Actually, this question has two parts in it:
(a) What is the motivation for bringing in a product that involves r and F to define a quantity called torque, and
(b) Why is that written in the precise fashion r X F
This post will deal with the first part
Think about opening a door. Your experience tells you that you need to expend less effort by applying force as far away from the hinge as possible. How does this happen? Why does the point of application of force make a difference?
Notice that for the same angular displacement, a point further away from the hinge moves through a greater displacement than a point closer to the hinge. That means the same force does greater work when it is applied further away from the hinge. This provides us with a starting point.

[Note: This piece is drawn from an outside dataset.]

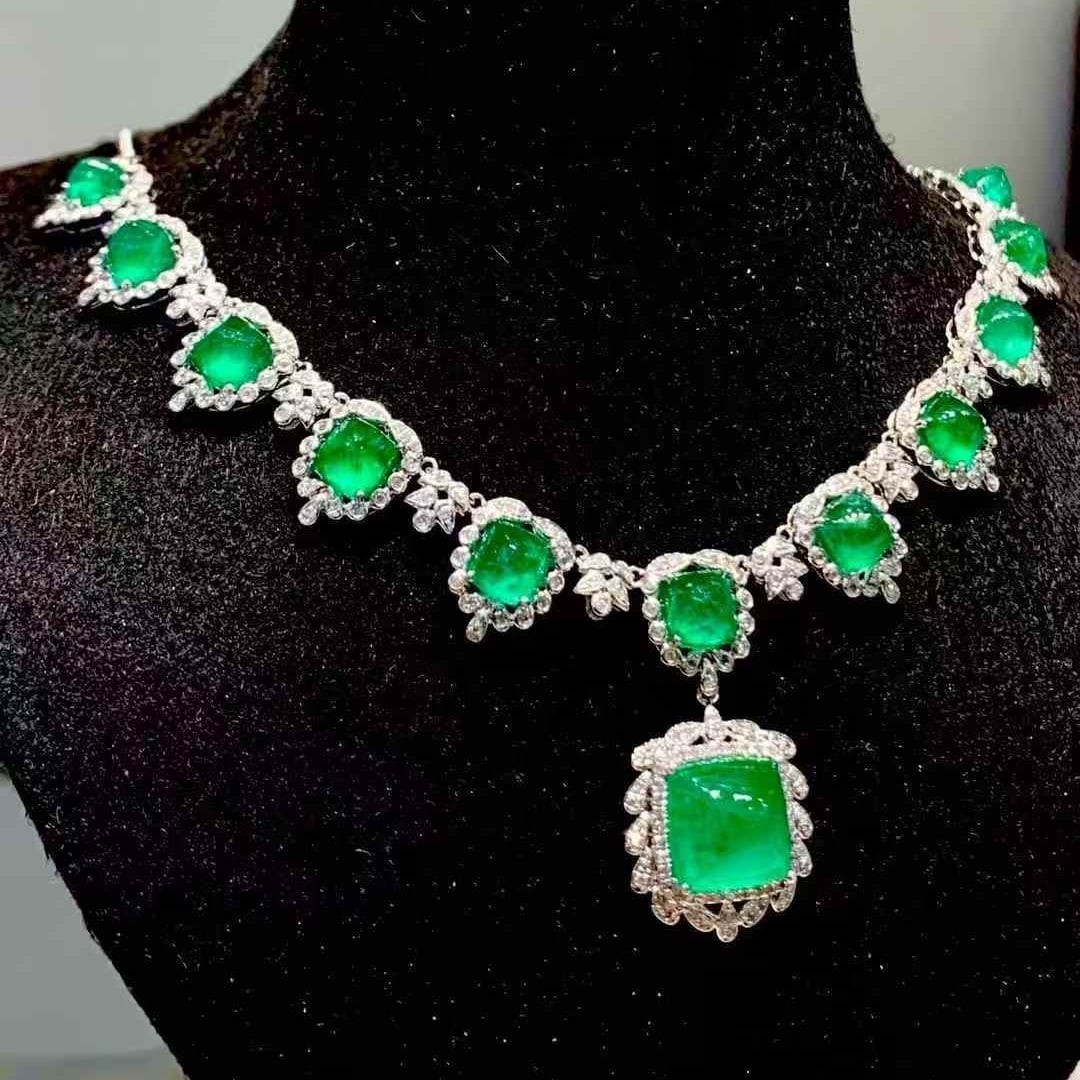 14k Gold 13.02 Ct Natural Emerald & Diamond Necklace - 3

Let us say it is applied at a distance R from the hinge and at the time interval dt it moves through an angle dθ. Let the force be applied at an angle φ
The work done is F \sin \phi \times R d \theta
Now, this example has been chosen so so that the effect of the force on the body is pure rotation. The work done causes only a change in KE. Hence, now an element of mass dm at a distance r undergoes a change in kinetic energy of
\frac{1}{2} dm \times r^2 (\omega + d \omega)^2 - \frac{1}{2} dm \times r^2 \omega ^2 = dm \times r^2 \omega d \omega
Now if you take this for the entire body, you will get
d \omega \times \int r^2 dm.
This quantity \int r^2 dm is denoted by I.
So the change in KE is just I d \omega
So now we have F \sin \phi \times R d \theta = I \omega d \omega
Then, F \sin \phi \times R \frac{d \theta}{dt} = I \omega \frac{d \omega}{dt}
and hence F \sin \phi \times R \omega = I \omega \alpha \Rightarrow F \sin \phi \times R = I \alpha
Denoting F \sin \phi \times R by \tau we have
\tau = I \alpha.